| Records shown |
..............................

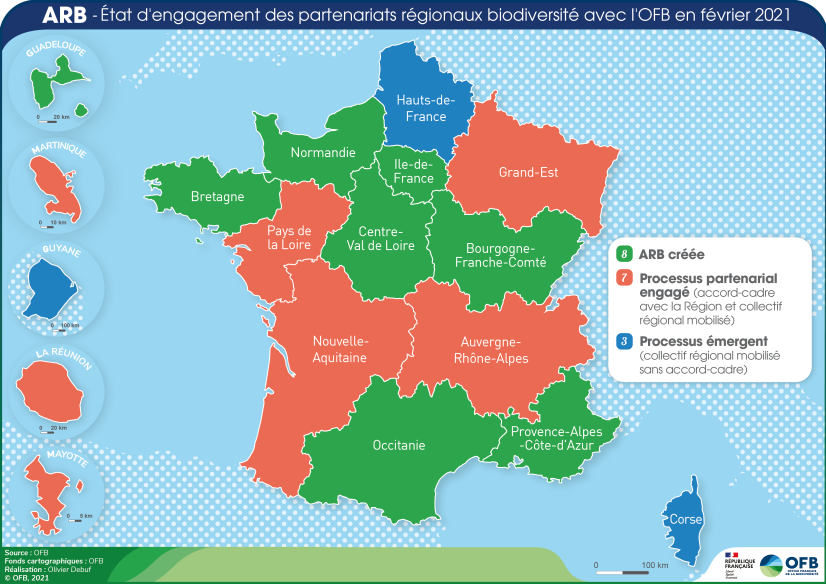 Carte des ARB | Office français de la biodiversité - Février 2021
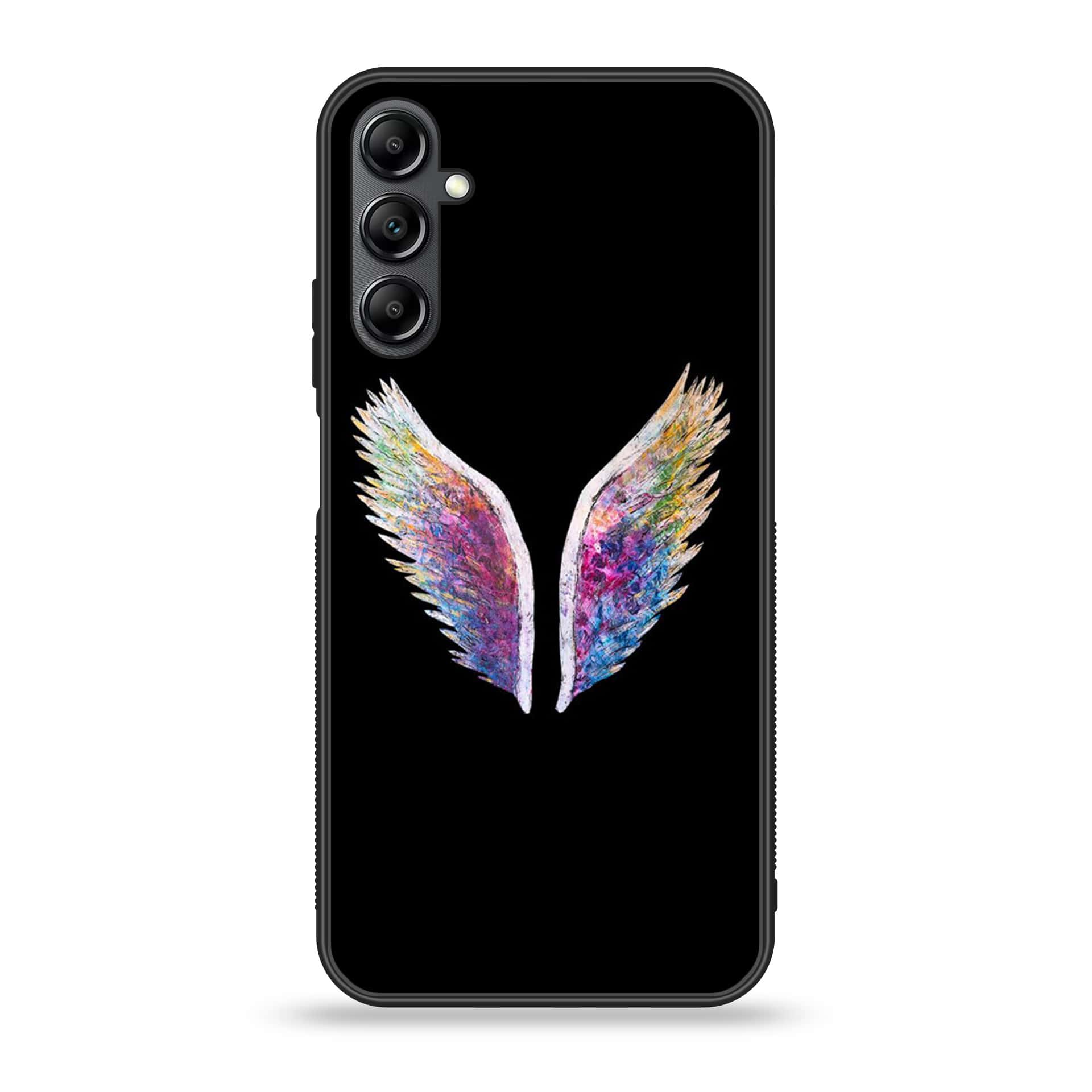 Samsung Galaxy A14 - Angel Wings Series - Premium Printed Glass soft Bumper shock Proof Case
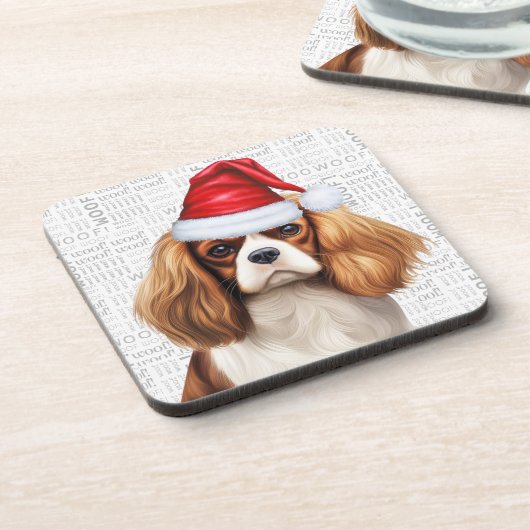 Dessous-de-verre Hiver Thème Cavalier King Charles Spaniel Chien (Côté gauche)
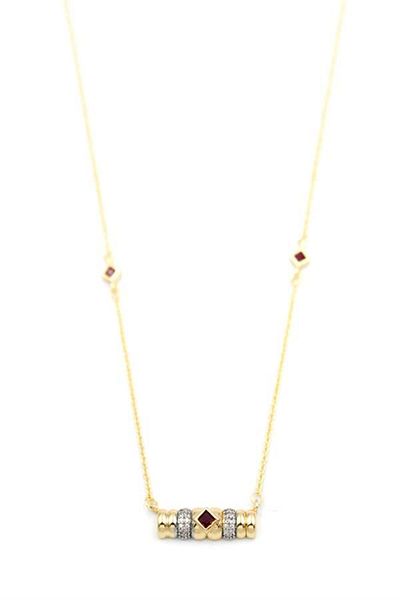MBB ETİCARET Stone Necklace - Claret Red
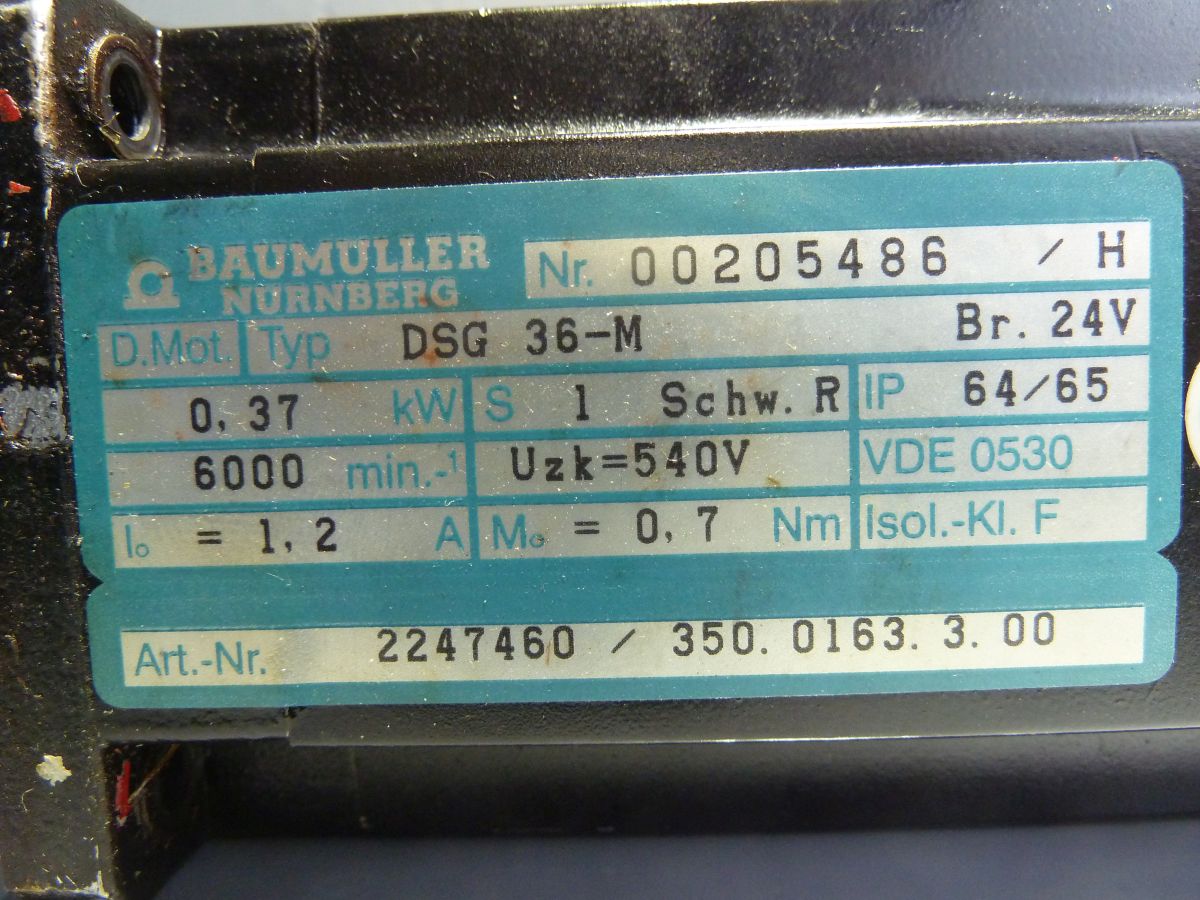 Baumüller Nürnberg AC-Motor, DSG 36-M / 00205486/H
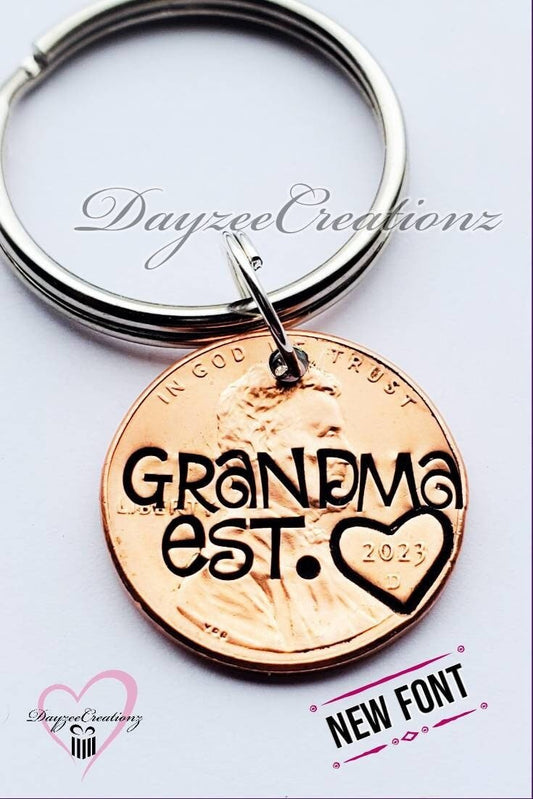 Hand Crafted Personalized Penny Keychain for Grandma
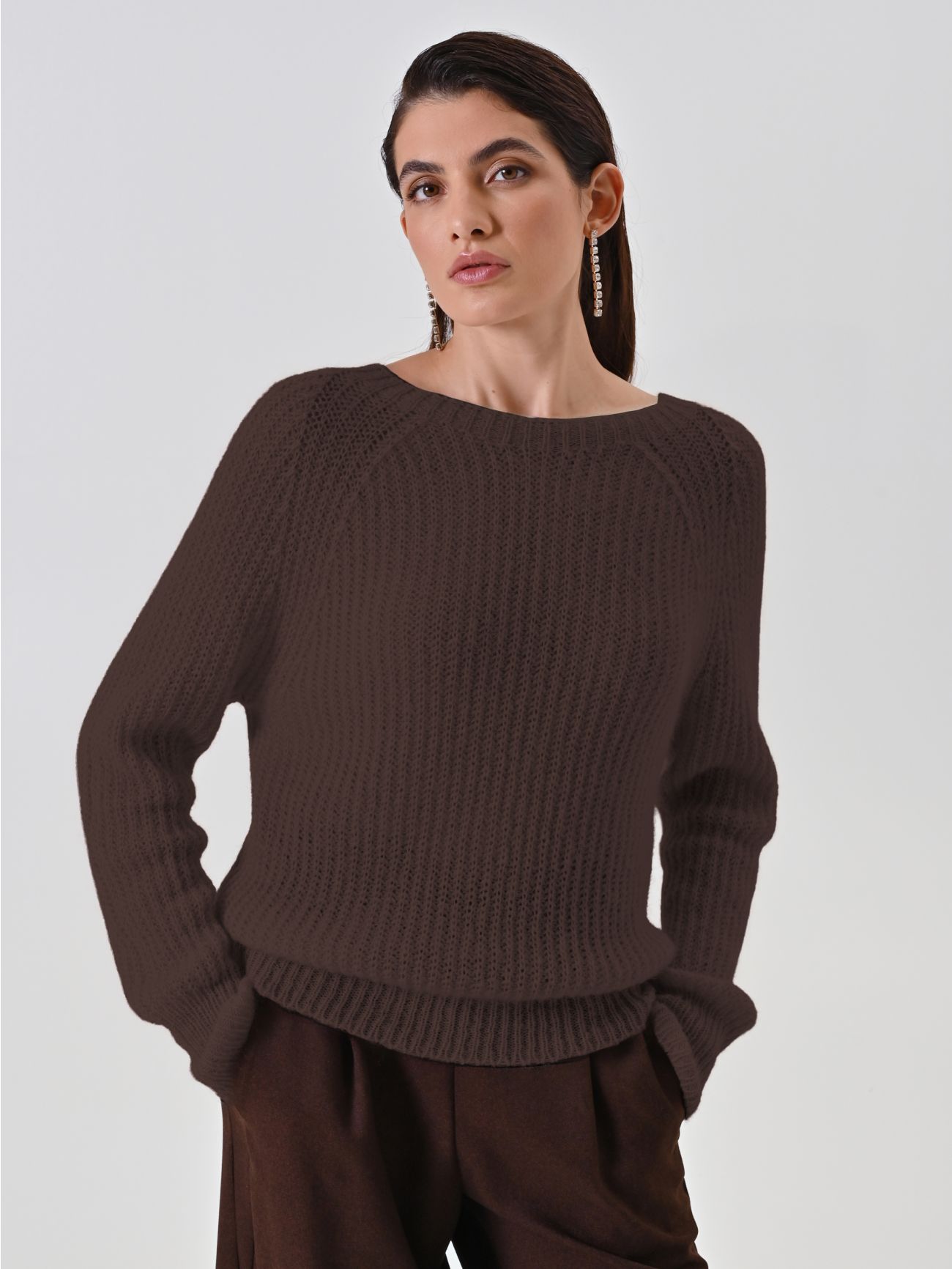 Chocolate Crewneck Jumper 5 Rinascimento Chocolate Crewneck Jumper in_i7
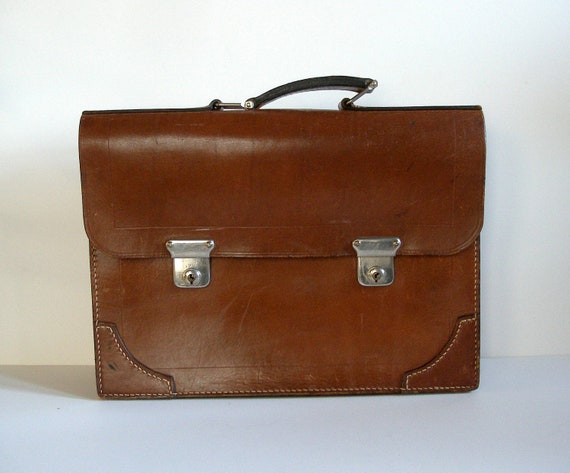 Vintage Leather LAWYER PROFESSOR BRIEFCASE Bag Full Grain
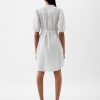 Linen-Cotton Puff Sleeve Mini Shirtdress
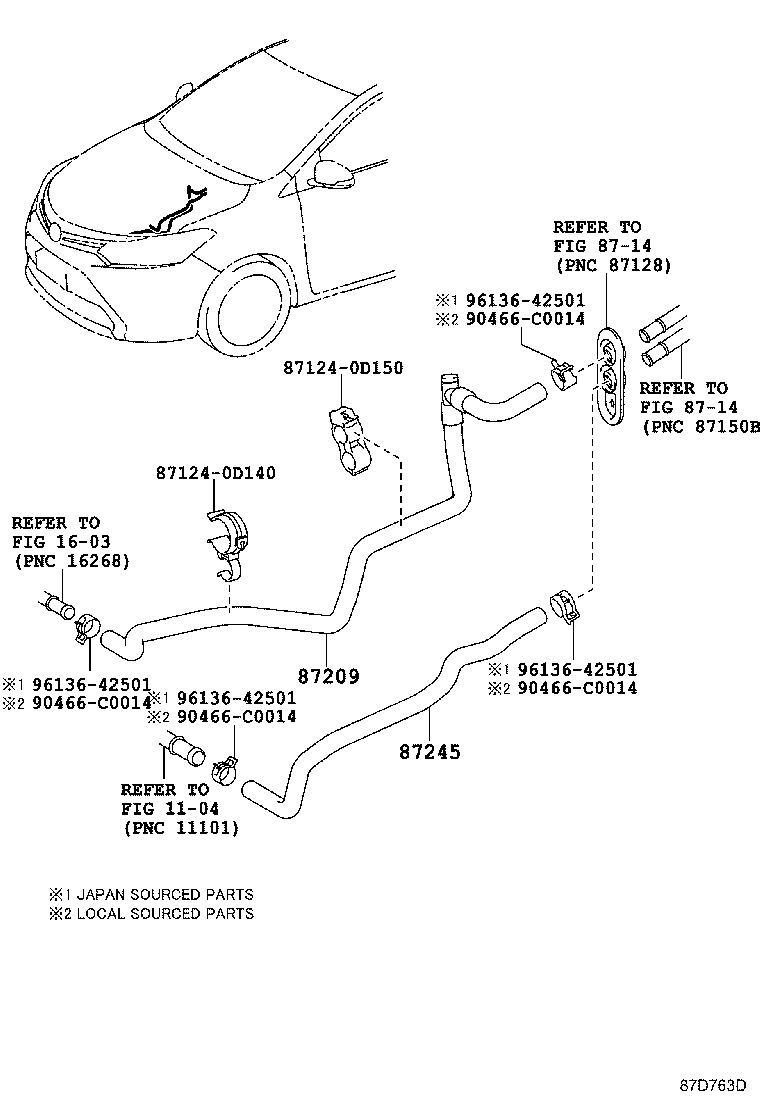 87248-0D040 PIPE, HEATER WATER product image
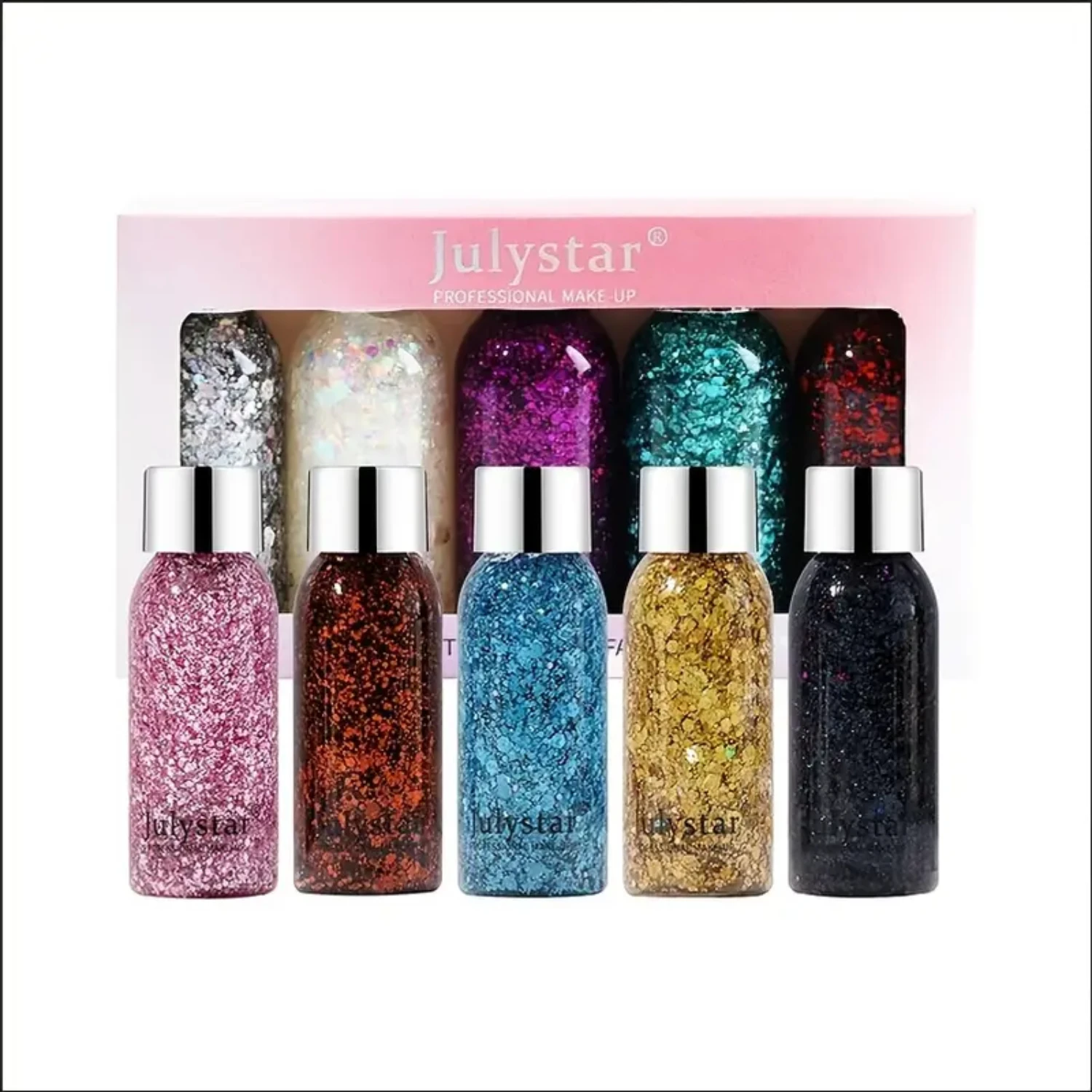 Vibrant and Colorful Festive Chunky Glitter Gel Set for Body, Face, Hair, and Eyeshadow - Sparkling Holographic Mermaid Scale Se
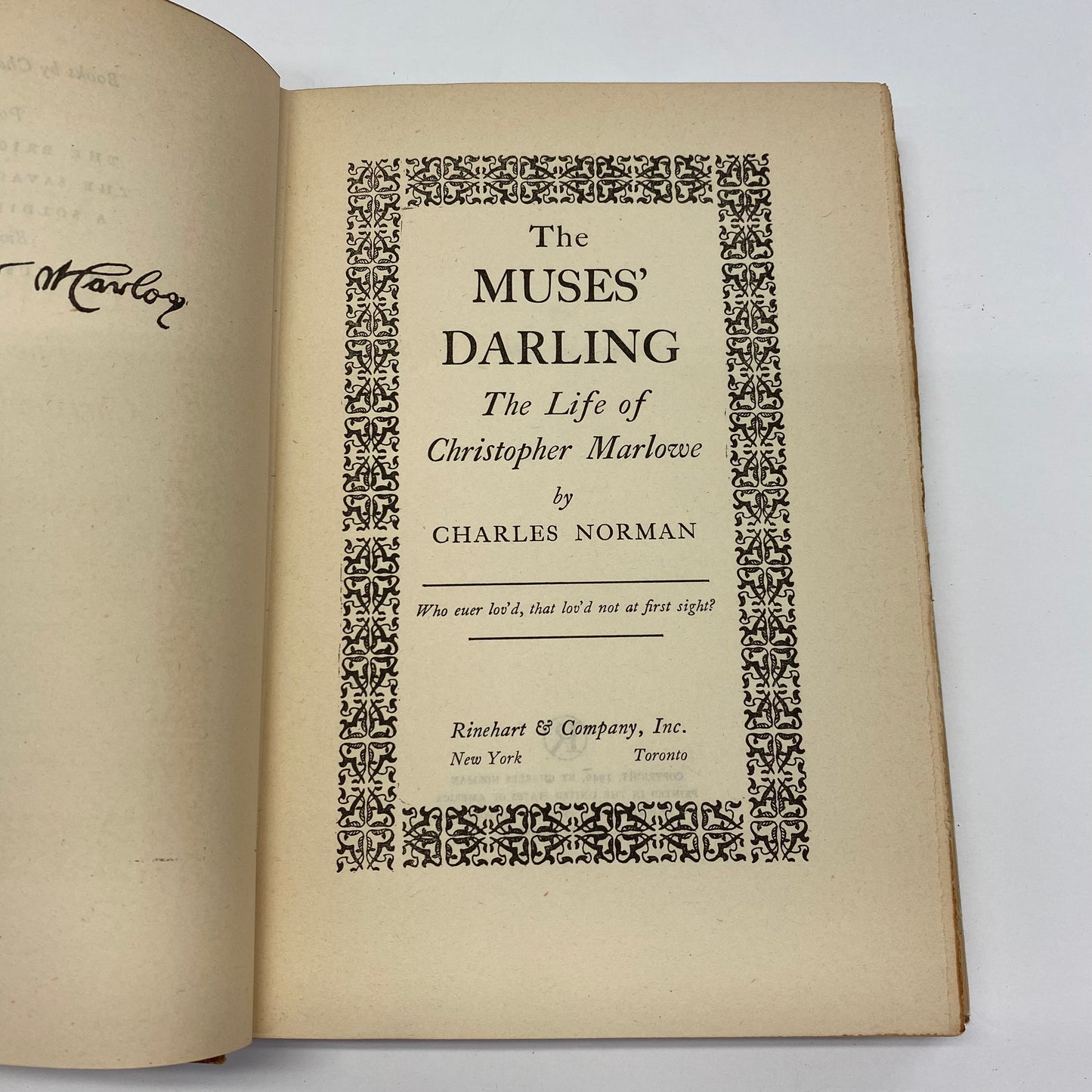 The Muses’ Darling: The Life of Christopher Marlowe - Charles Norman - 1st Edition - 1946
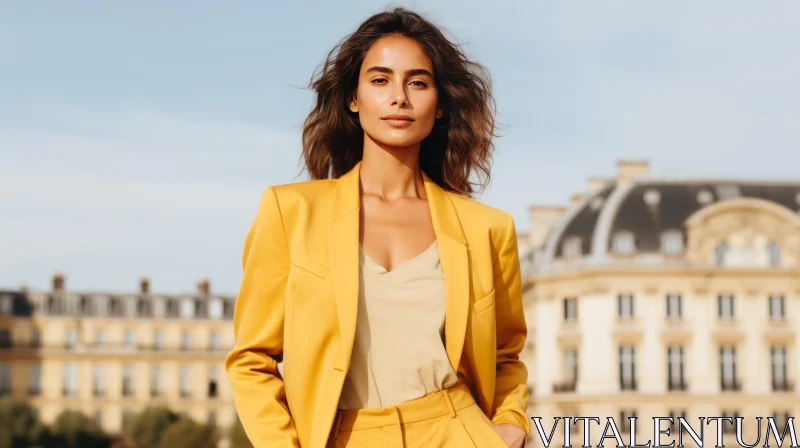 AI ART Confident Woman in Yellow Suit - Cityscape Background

..............................

"Hand Crafted Personalized" marks the first line to copy, and "87248-0D040 PIPE, HEATER WATER product image" marks the last. Repeat that stretch above exactly, with no pictures.

| Response |
 Hand Crafted Personalized Penny Keychain for Grandma
 Chocolate Crewneck Jumper 5 Rinascimento Chocolate Crewneck Jumper in_i7
 Vintage Leather LAWYER PROFESSOR BRIEFCASE Bag Full Grain
 Linen-Cotton Puff Sleeve Mini Shirtdress
 87248-0D040 PIPE, HEATER WATER product image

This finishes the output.